Orlov is a linguist and an engineer who has a blog called Club Orlov. He has also written several books, one of which, "Reinventing Collapse", I am reading for advice on how to survive such a collapse besides our two month's supply of Nalley's Chili and two generators. He emigrated to the U.S. in the mid-Seventies and made several trips back to Russia during the Soviet rule and then after the Soviet collapse. He believes that there are many lessons we in the U.S. can learn from the collapse of the other late 20th century super power. That there are more similarities than differences between the two super powers, as Orlov describes them, gave me pause. It's always interesting to look at a common question through a different set of glasses.

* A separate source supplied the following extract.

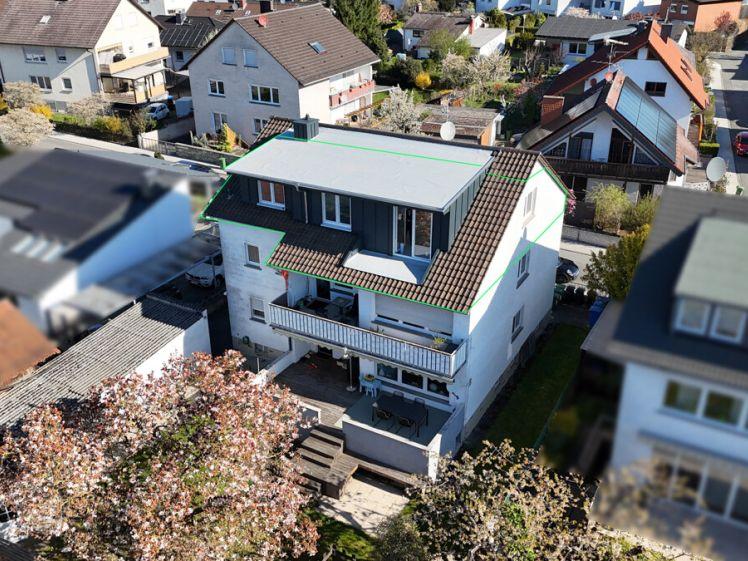 DIETZ: Sanierte und großzügige 2-Zimmer-Dachwohnung mit Toller Gaube und Dachterrasse - Randlage! - Photo 1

Both the U.S.S.R. and the U.S. derived their identities from being either capitalist or communist and the "extreme adherence to one or the other" as opposed to healthier countries that mix it up is what Orlov believes led to the doom of one and the coming doom of the other. Ideologies are all well and good, he says, if they actually work. But when it becomes clear that the average working citizen is not doing so well, the legitimacy of the rigid system begins to unravel and finally collapse. He points out that Albert Camus made the observation that the two superpowers were more alike than not back in the 1950s. Camus said that a specific failure of both systems was their inability "to provide creative, meaningful work." This Orlov says leads to mass depression.

The chief reason why the U.S. is still hanging on, he speculates, is that the ruling elite and their spokespeople keep the people thinking that the system is legitimate by hawking that old chestnut "The American Dream". He actually calls this idea of working hard and playing by the rules getting you a good chunk of the pie as "a pathological fiction" promoted by the media.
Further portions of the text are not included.